* **WORK ITEM**
What you give back should be exactly the lines from the one with "Bourrone Plaza by" through the end of the data, without the pictures.

* **SOURCE DATA**

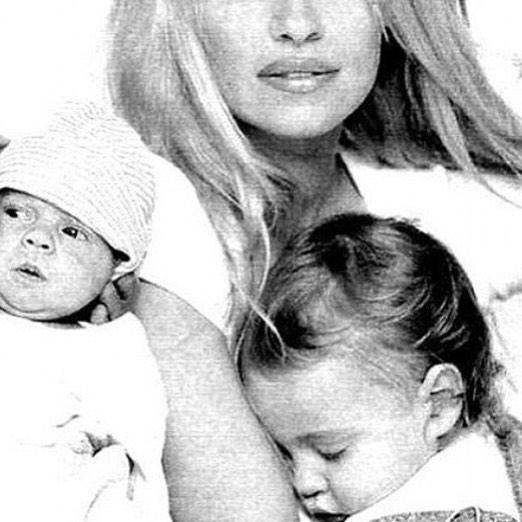 Роковая блондинка Памела Андерсон: «Я замечательная мать!»
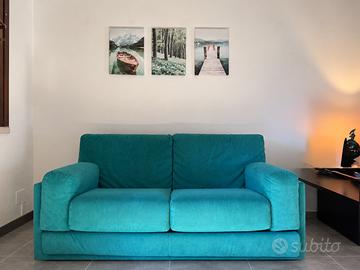 Divano due posti color turchese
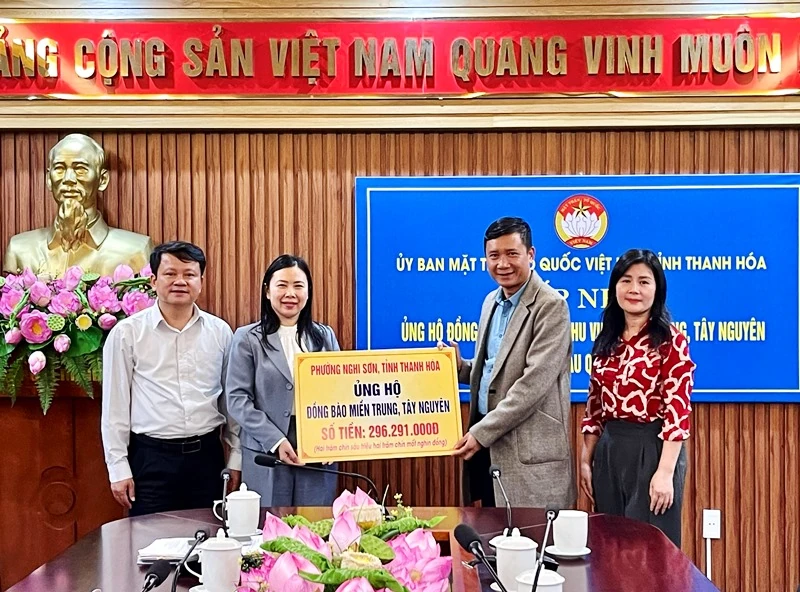 Ủy ban MTTQ tỉnh tiếp nhận ủng hộ đồng bào miền Trung, Tây Nguyên khắc phục hậu quả mưa lũ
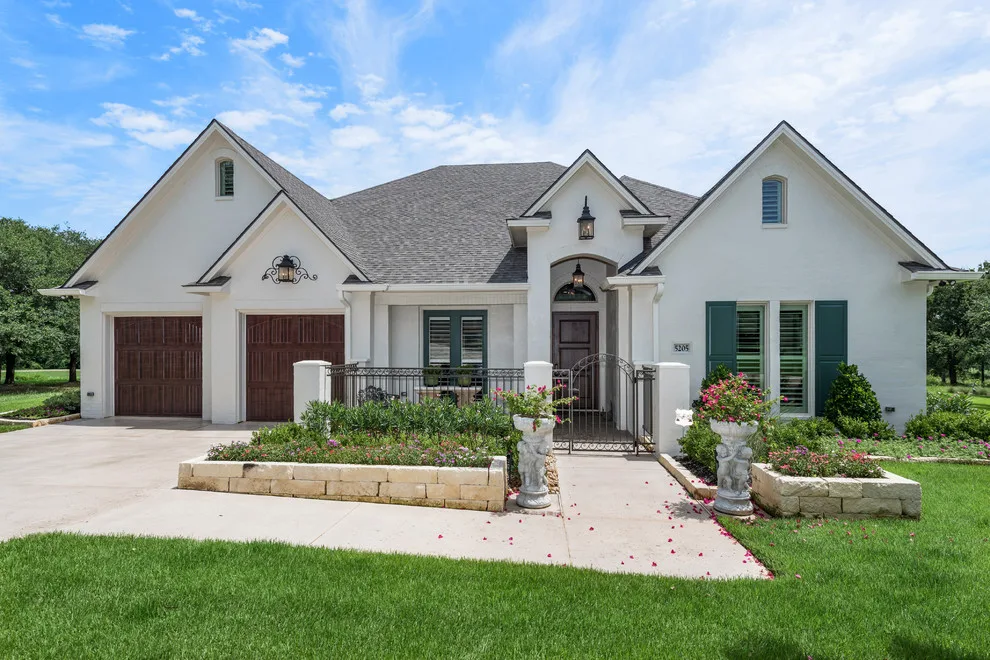 Bourrone Plaza by Hamilton Custom Homes - Photo 8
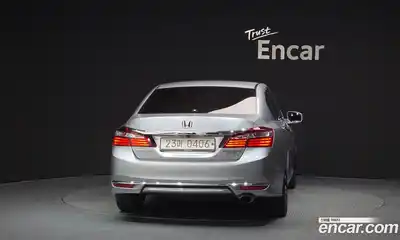 Honda Accord 2016 2.4 автомат (гидро), миниатюра 4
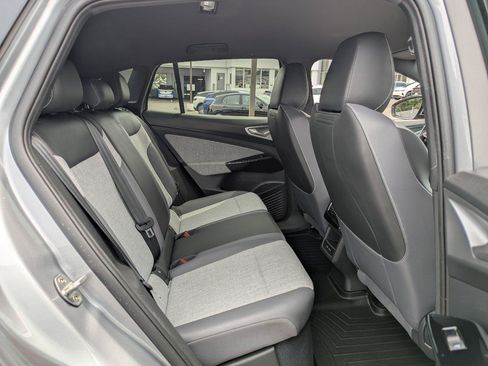 Used 2023 Volkswagen ID.4 Pro AWD/4WD image 31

* **FINAL ANSWER**
 Bourrone Plaza by Hamilton Custom Homes - Photo 8
 Honda Accord 2016 2.4 автомат (гидро), миниатюра 4
 Used 2023 Volkswagen ID.4 Pro AWD/4WD image 31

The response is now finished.